Boiler explosions have been responsible for widespread damage to companies throughout the years, and that’s why today’s boilers are equipped with safety valves and/or relief valves. Boiler safety valves are designed to prevent excess pressure, which is usually responsible for those devastating explosions. That said, to ensure that boiler safety valves are working properly and providing adequate protection, they must meet regulatory specifications and require ongoing maintenance and periodic testing. Without these precautions, malfunctioning safety valves may fail, resulting in potentially disastrous consequences.

Boiler safety valves are activated by upstream pressure. If the pressure exceeds a defined threshold, the valve activates and automatically releases pressure. Typically used for gas or vapor service, boiler safety valves pop fully open once a pressure threshold is reached and remain open until the boiler pressure reaches a pre-defined, safe lower pressure.

Boiler relief valves serve the same purpose – automatically lowering boiler pressure – but they function a bit differently than safety valves. A relief valve doesn’t open fully when pressure exceeds a defined threshold; instead, it opens gradually when the pressure threshold is exceeded and closes gradually until the lower, safe threshold is reached. Boiler relief valves are typically used for liquid service.

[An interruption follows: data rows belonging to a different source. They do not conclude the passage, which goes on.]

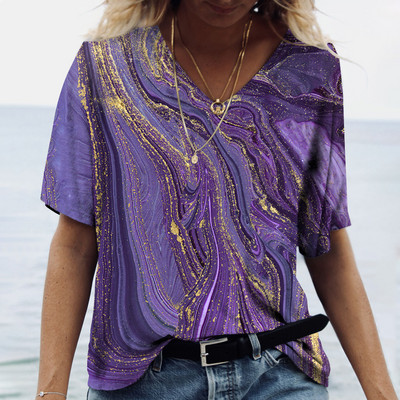 Tricou de vară cu decolteu în V de damă Topuri cu imprimeu marmorat 3d Tricou Fashion Streetwear Zilnic Imbracaminte Y2k 2023 Noi Tricouri pentru dama Plus Size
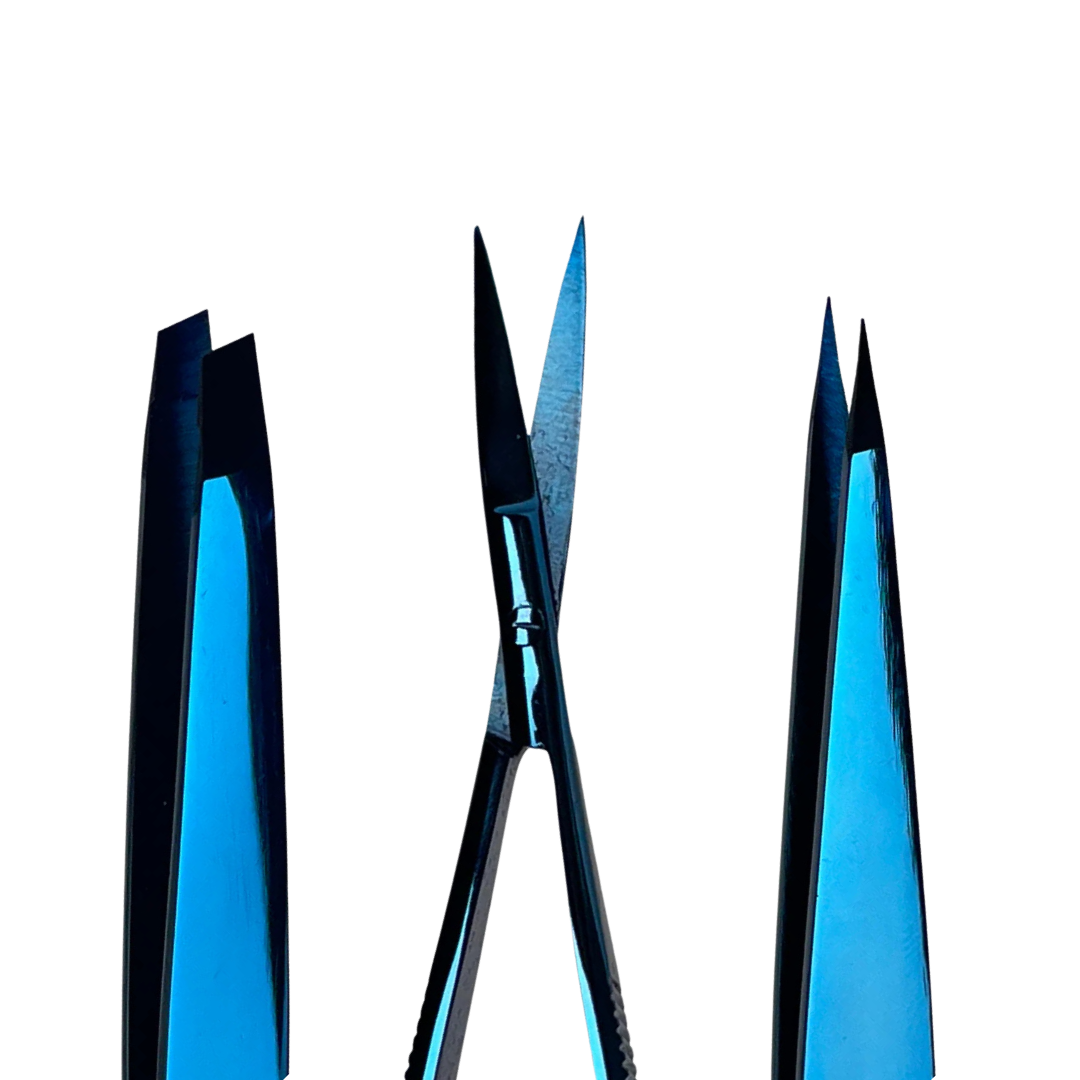 Browshop Professional Tweezer & Scissor Set - Blue Plasma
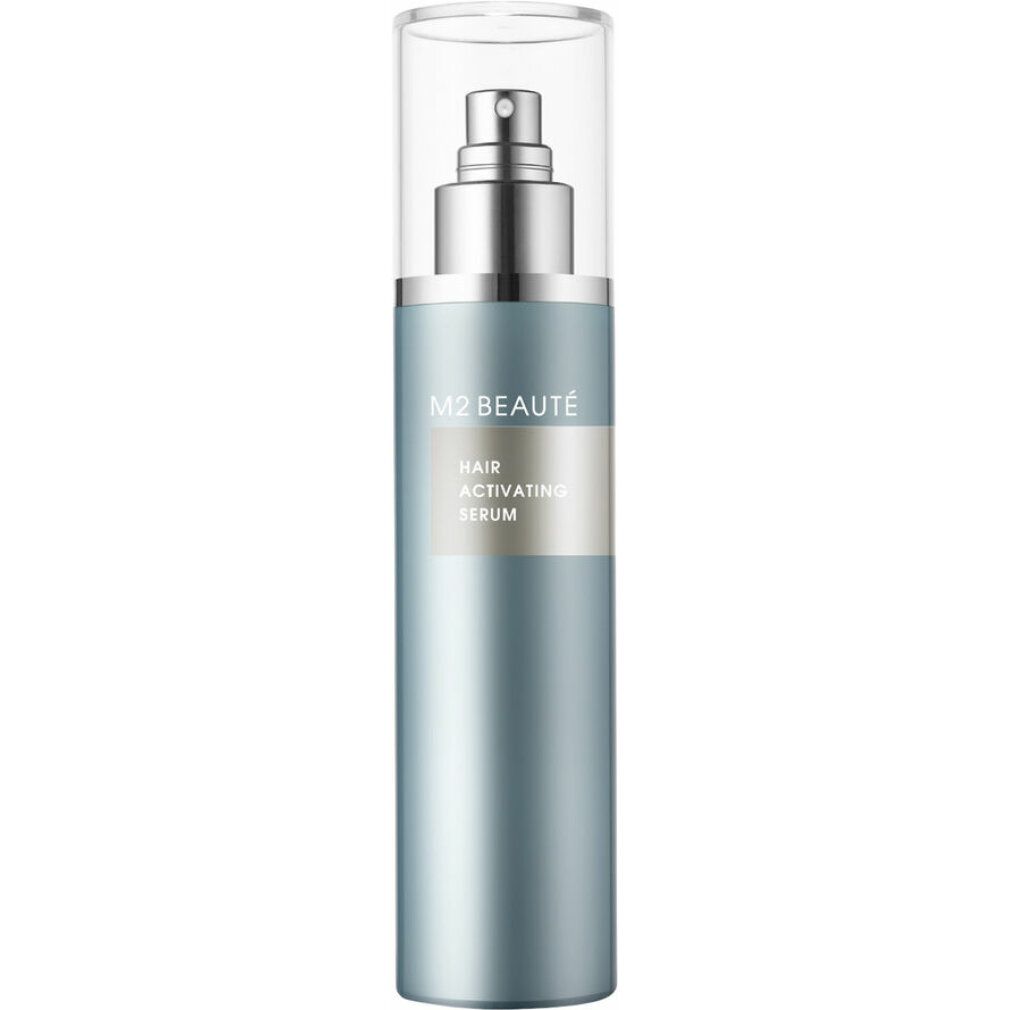 Flacone blu-argento con vaporizzatore. Scritta: M2 Beauté, Hair Activating Serum.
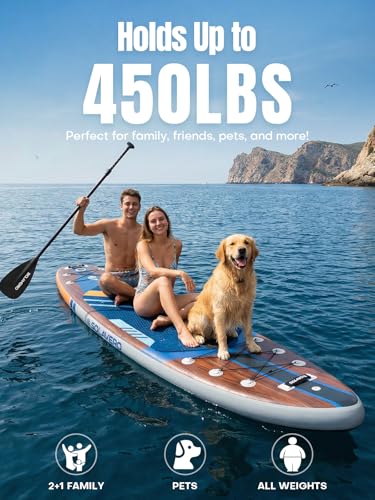 SOLAVERO 11\'6\" Inflatable Paddle Board with Premium SUP Board Accessories, Paddle Board with Anti-Slip EVA Deck for Youth & Adults of All Skill Levels, SUP Board with Seat for Yoga, Fishing, Surf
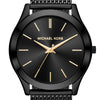 Michael Kors Men's Slim Runway Analog-Quartz Watch with Stainless-Steel Strap, Black, 22 (Model: MK8607)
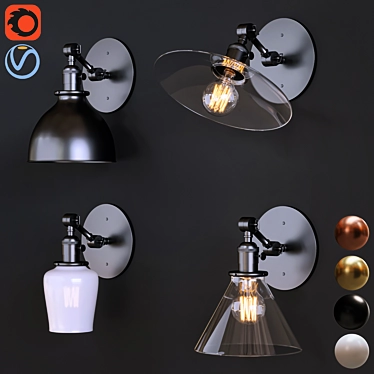 Elegant Wall Light in Multiple Styles 3D model image 1 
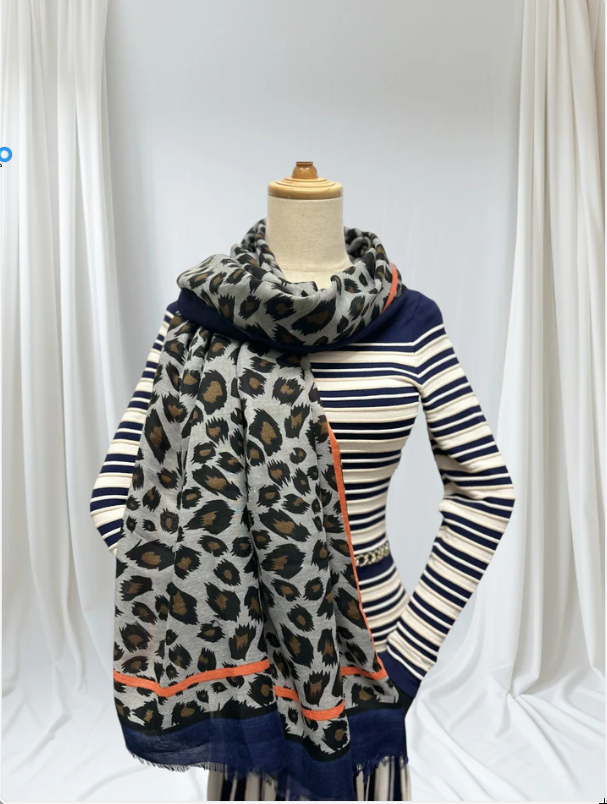 Charlie - Leopard Print Bordered Scarf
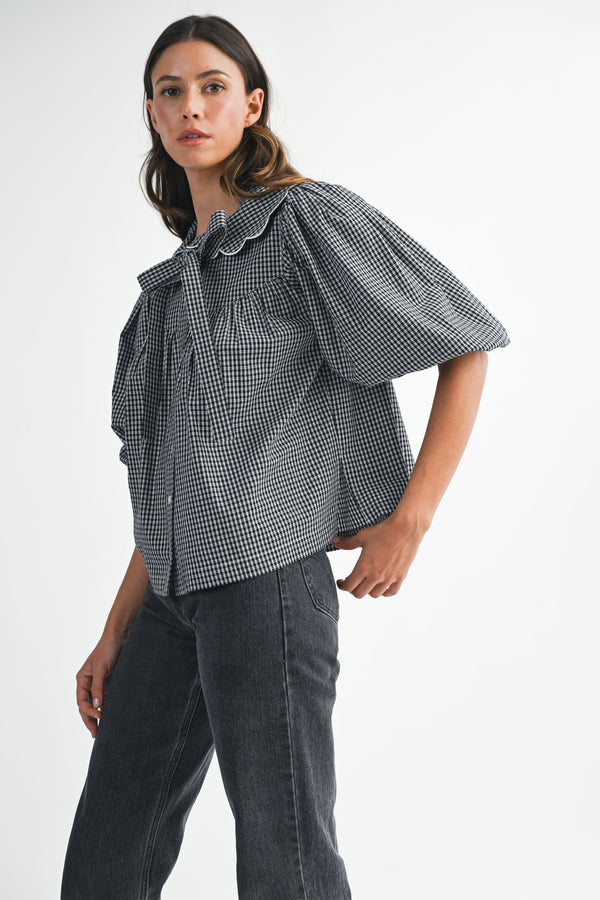 REINHELD SCALLOPED DETAIL PLAID SHIRTS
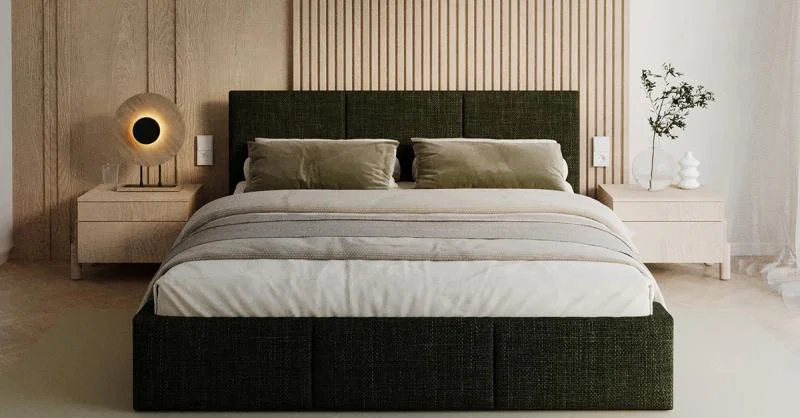 Čalouněná postel FRESIA 120x200cm Olivová Ottawa s úložným prostorem kovový rošt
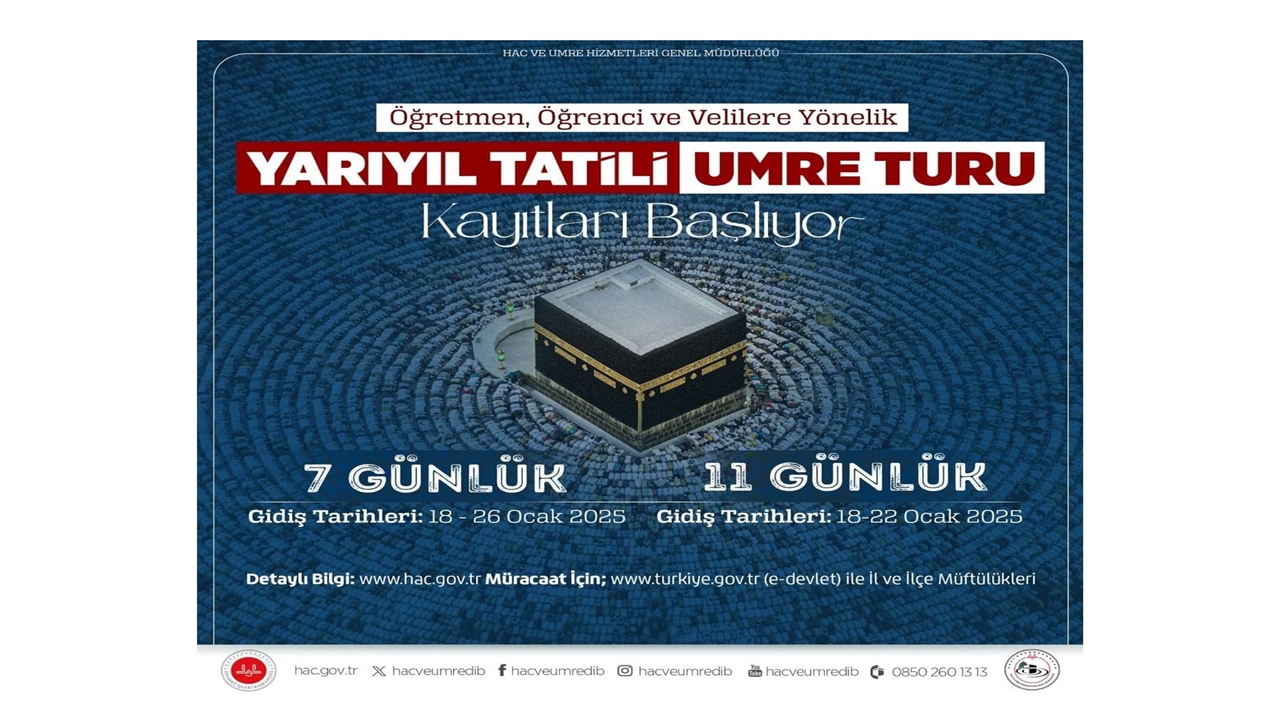 Nevşehir İl Müftülüğü’nden Yarıyıl Tatili Umre Turları Duyurusu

There are also devices known as “safety relief valves” which have the characteristics of both types discussed above. Safety relief valves can be used for either liquid or gas or vapor service.

Nameplates must be fastened securely and permanently to the safety valve and remain readable throughout the lifespan of the valve, so durability is key.

The National Board of Boiler and Pressure Vessel Inspectors offers guidance and recommendations on boiler and pressure vessel safety rules and regulations. However, most individual states set forth their own rules and regulations, and while they may be similar across states, it’s important to ensure that your boiler safety valves meet all state and local regulatory requirements.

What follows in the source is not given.